This has been a week of reading about how dead horses were handled in the American Civil War.
The first case of dead horse I read about was from my boy, Jenkin Lloyd Jones, who I’ve posted from before. He mentions how 8 of their artillery horses died on the road, where an even greater number of horses lined the sides of the road, dead from starvation to be sure. I imagine that must have been some sight to behold, even amidst the stench!
The second piece of dead horse I read was from a book my wife recently bought me for my birthday: Hardtack & Coffee. This book is right up my alley; it’s the quintessential book on what day-to-day life was like for the American Civil War soldier. I encourage you to take a gander.
Background: In chapter 6, Billings writes in length about the necessary yet awful task of burying a horse and the diverse crew of soldiers recruited, mostly kicking and cussing, to carry it out.
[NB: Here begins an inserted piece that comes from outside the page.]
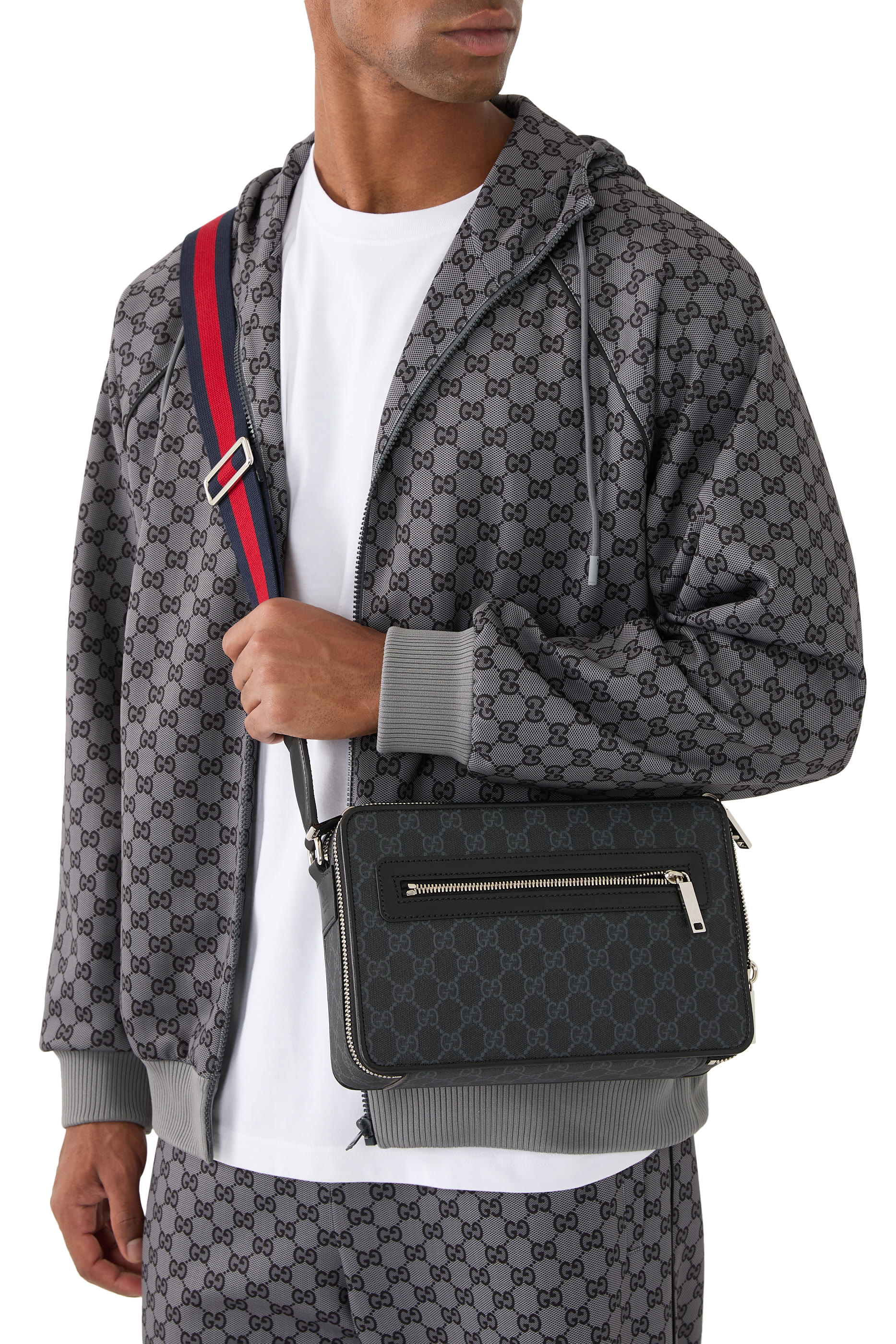 حقيبة كروس متوسطة بنقشة حرفي شعار الماركة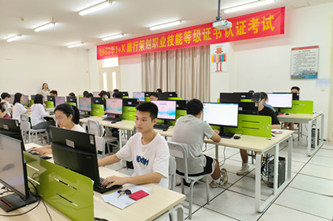 考试现场1.jpg 考试现场1.jpg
After the hole is dug and the body of the horse is rolled in,
the noxious gases begin to make their presence manifest, and the Hardened Wretch [the commanding officer overseeing yet not participating in the work] hands him [a new Army recruit, eager to be considered a comrade so much so that he signs up for this dreadful task, not knowing what it entails] an axe to break the legs that would otherwise protrude from the grave… turning his back on the deceased, he utters something which sounds like ‘hurrah! without the h,’ as Mark Twain puts it, repeating it with increasing emphasis. (Page 106)
Suffice it to say, everyone standing around the grave joins in the vomiting! I never would have thought about how dead horses were dealt with during the war. Then again, this is the benefit of Billings’ work and the diaries of soldiers, letting us in on what life was really like for the everyday soldier.